* Stored data *
== Segment start ==
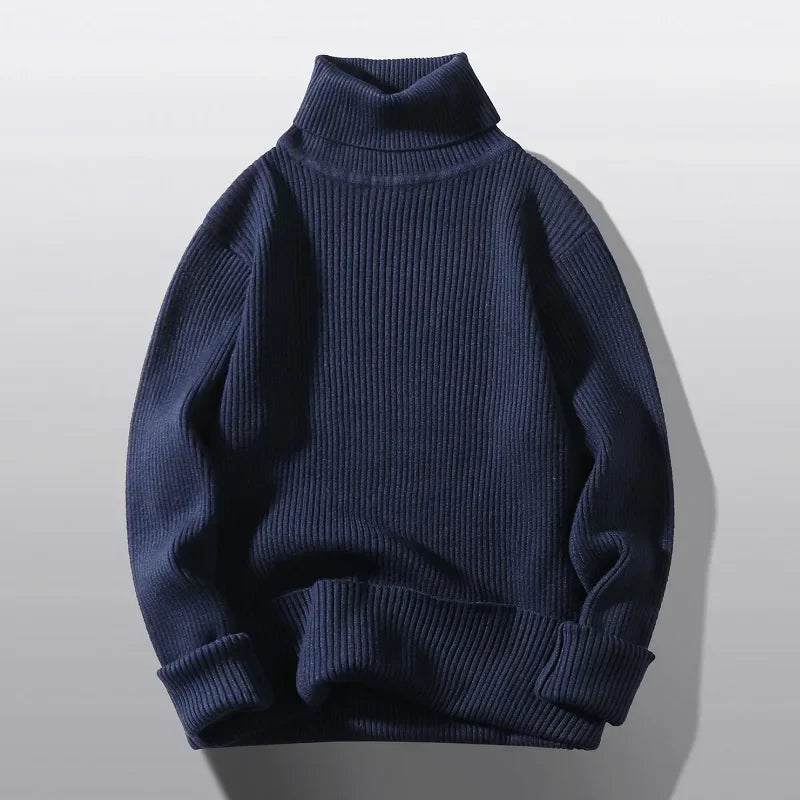 Sweater Emmanuale VES - No.23
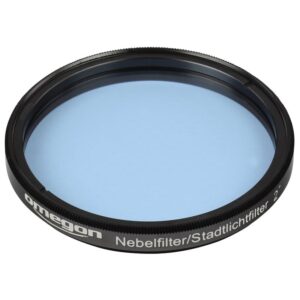 Omegon Lichtvervuilingsfilter (2 inch)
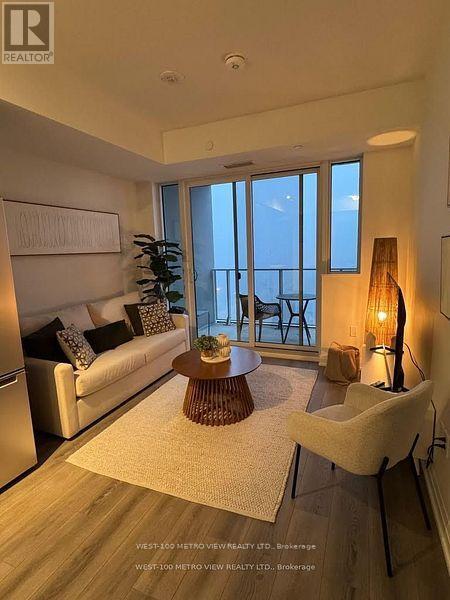 Photo - 412 Silver Maple Rd Unit 516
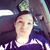 Brittani Abshire's profile image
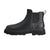 Boots UGG M CHELSEA LUG LEATHER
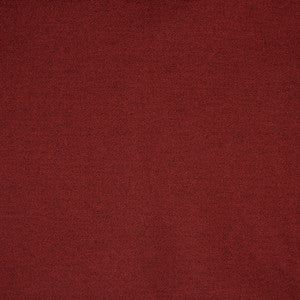 F4233 Chipotle by Greenhouse Designer Fabric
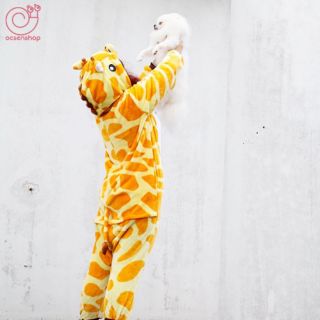 BỘ ĐỒ THÚ HƯƠU CAO CỔ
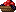Cena de Cesta de Boneboo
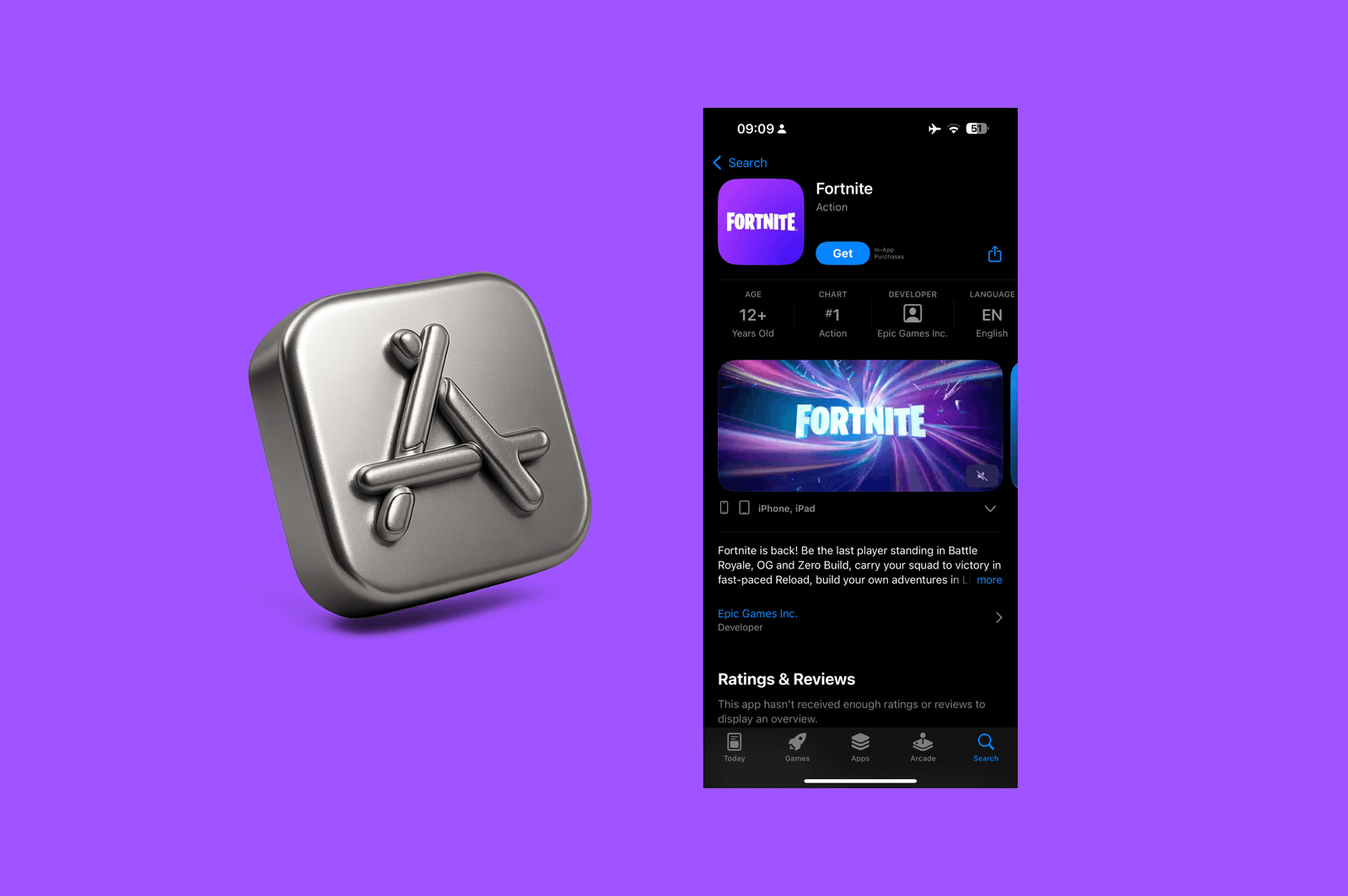fortnite_iphone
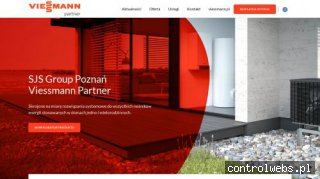 www.sjsgroup.pl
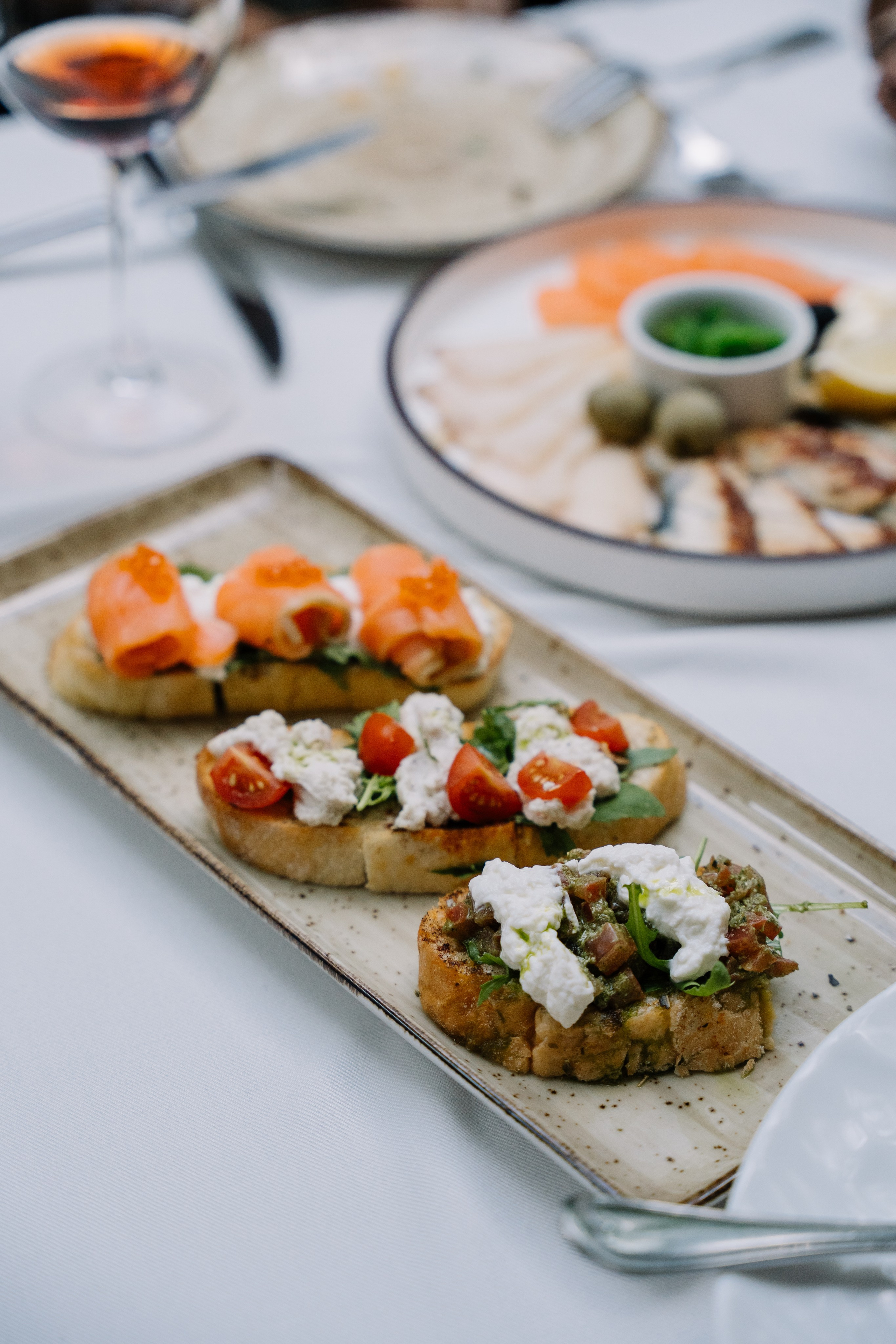 Алесь и Даша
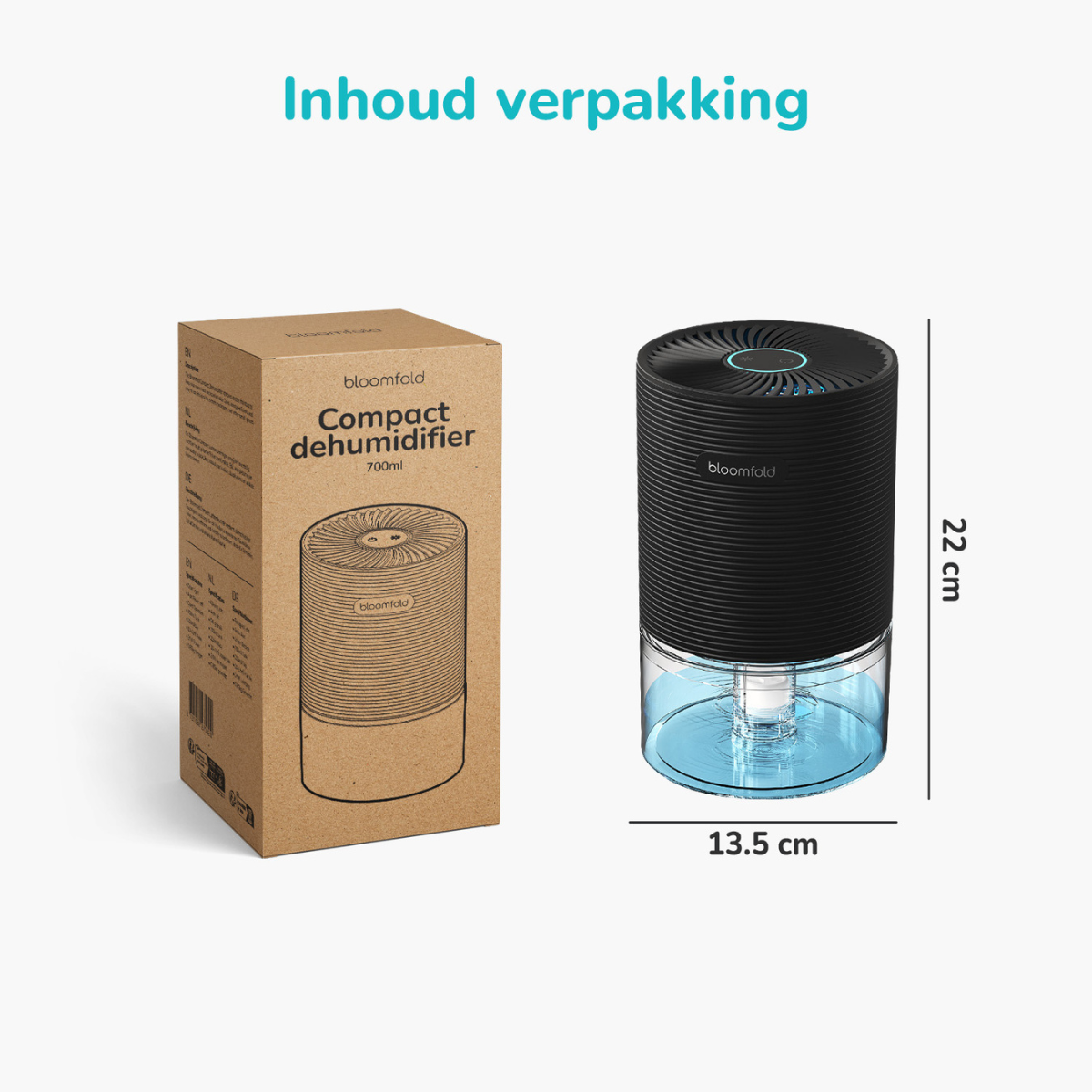 Bloomfoldcompactluchtontvochtiger600ml-BF014_8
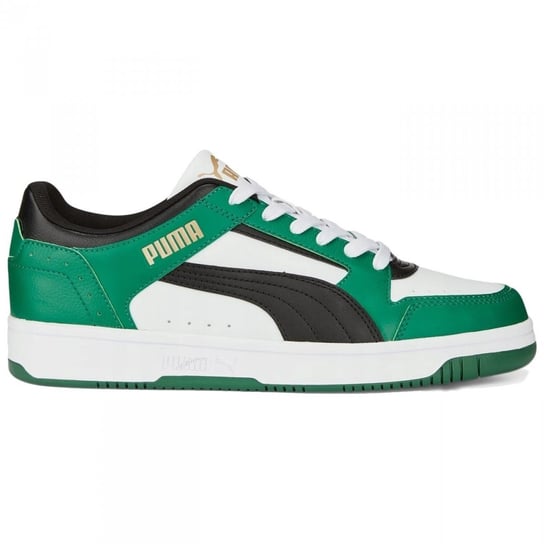 Puma buty męskie Rebound Joy Low 380747-26 44 Puma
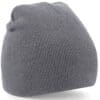 Beechfield B44 Original Pull-On Beanie - Image 7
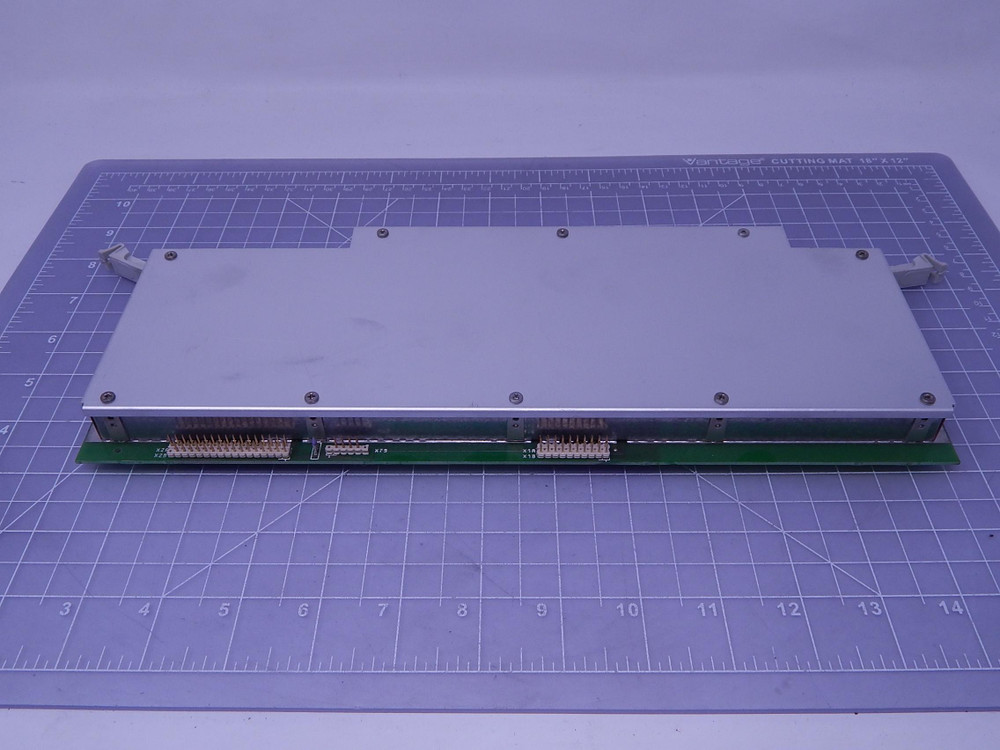 Rohde & Schwarz 826.5965.02    SMX-Processor For Sale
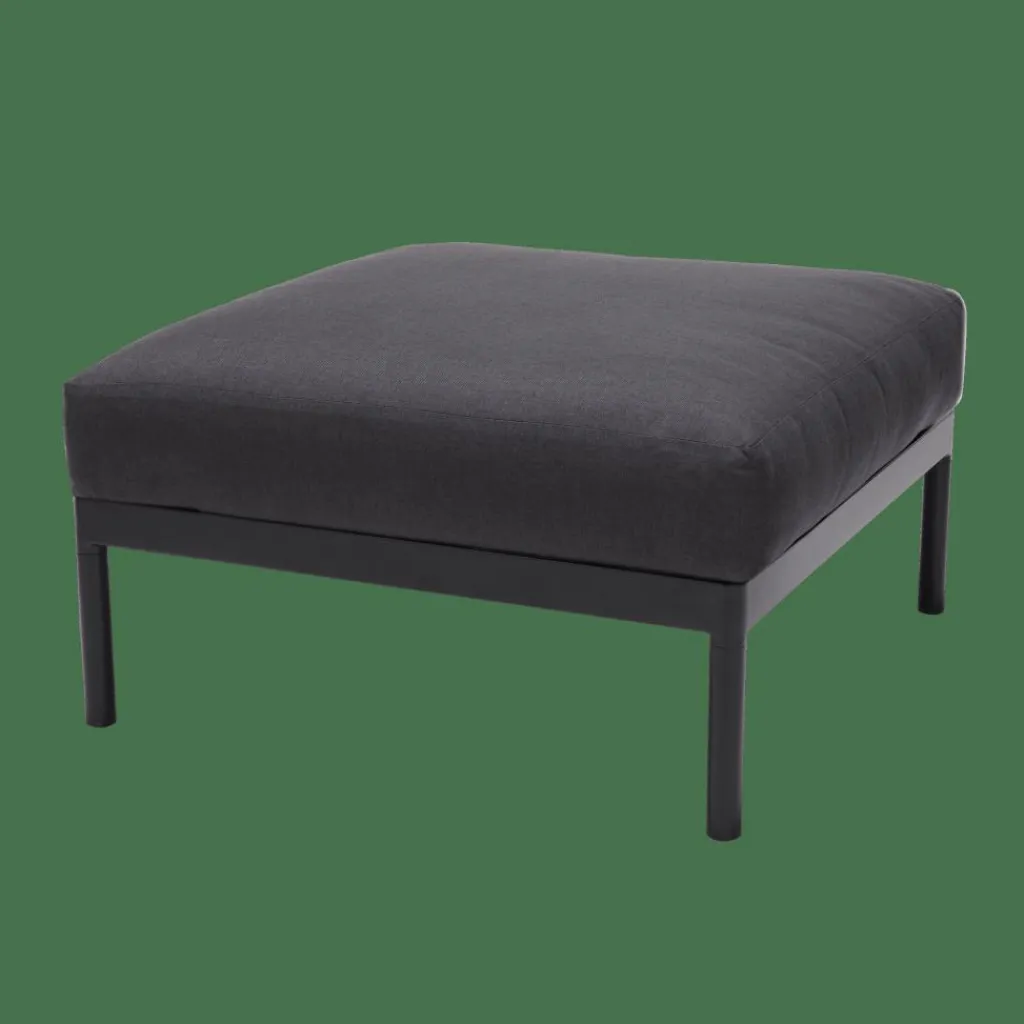 HANNA Conjunto Lounge Derecha|CASA New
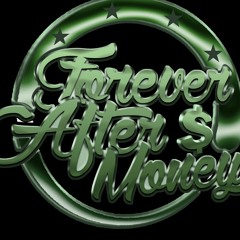 Playa Fred, You aint gone Shine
== Segment end ==
* Exercise aim *
The whole listing is to be written out exactly; the pictures stay out of the copy.

* Task output *
 Sweater Emmanuale VES - No.23
 Omegon Lichtvervuilingsfilter (2 inch)
 Photo - 412 Silver Maple Rd Unit 516
 Brittani Abshire's profile image
 Boots UGG M CHELSEA LUG LEATHER
 F4233 Chipotle by Greenhouse Designer Fabric
 BỘ ĐỒ THÚ HƯƠU CAO CỔ
Cena de Cesta de Boneboo
fortnite_iphone
 www.sjsgroup.pl
 Алесь и Даша
 Bloomfoldcompactluchtontvochtiger600ml-BF014_8
 Puma buty męskie Rebound Joy Low 380747-26 44 Puma
 Beechfield B44 Original Pull-On Beanie - Image 7
 Rohde & Schwarz 826.5965.02    SMX-Processor For Sale
 HANNA Conjunto Lounge Derecha|CASA New
 Playa Fred, You aint gone Shine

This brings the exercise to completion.